**Work order**
Reproduce exactly the line with "logo Acantha (CAN)" and every line that follows it below, up to and including the last one. Do not include pictures or anything else.

**Dataset excerpt**
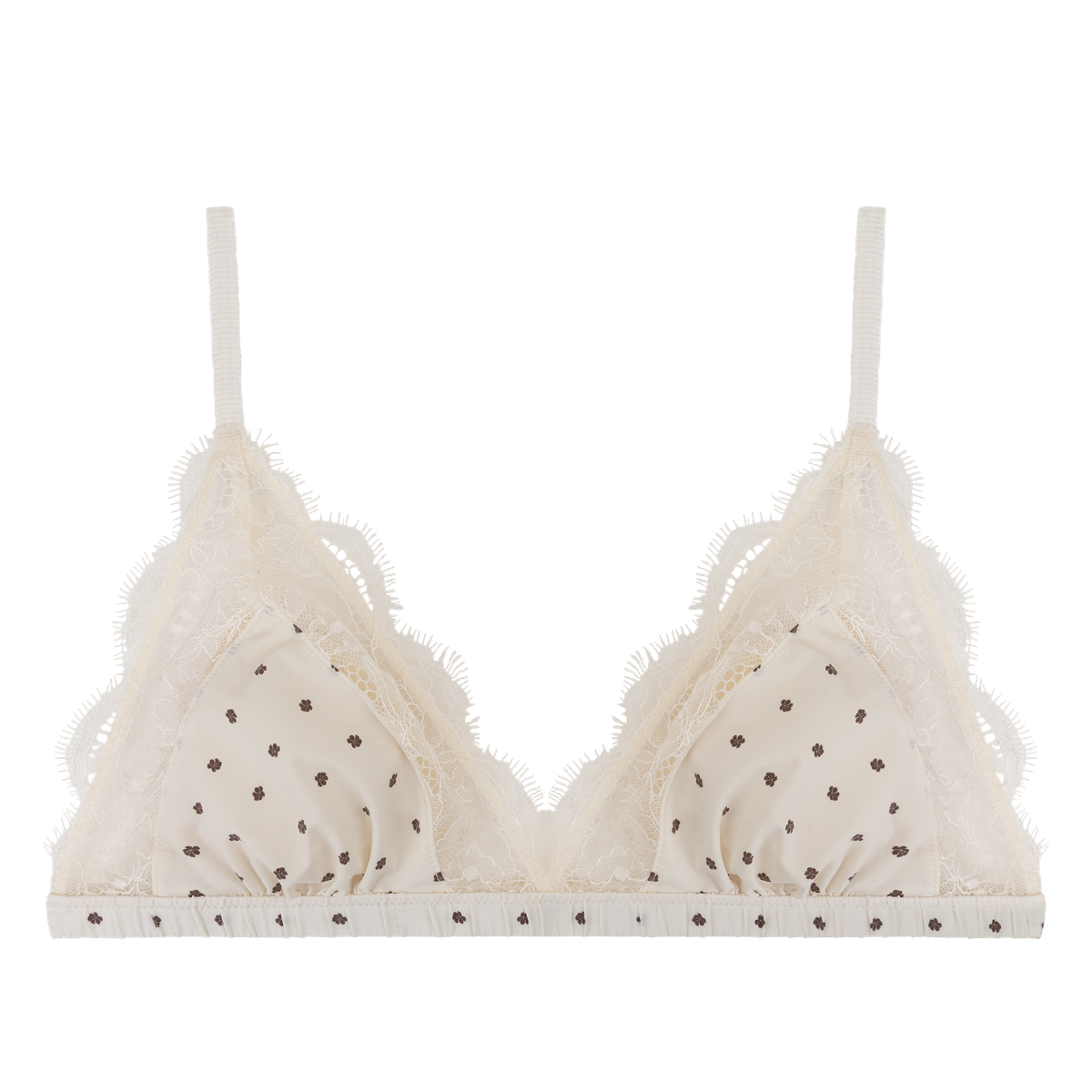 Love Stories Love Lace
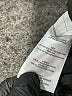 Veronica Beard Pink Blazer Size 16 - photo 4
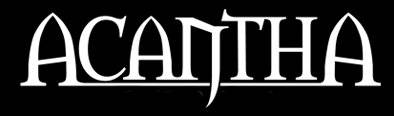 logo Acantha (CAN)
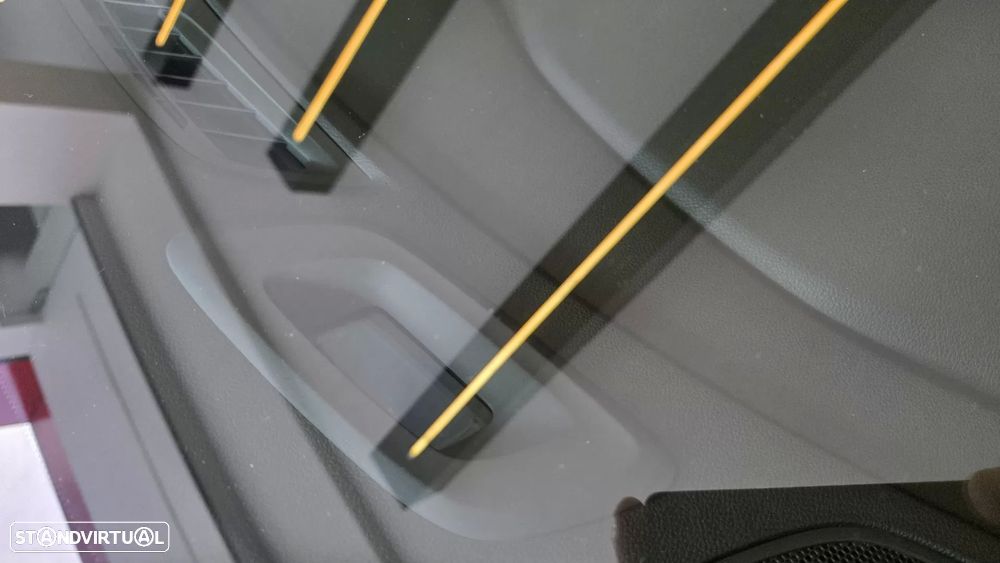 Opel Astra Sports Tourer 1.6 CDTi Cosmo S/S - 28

**Problem solution**
 logo Acantha (CAN)
 Opel Astra Sports Tourer 1.6 CDTi Cosmo S/S - 28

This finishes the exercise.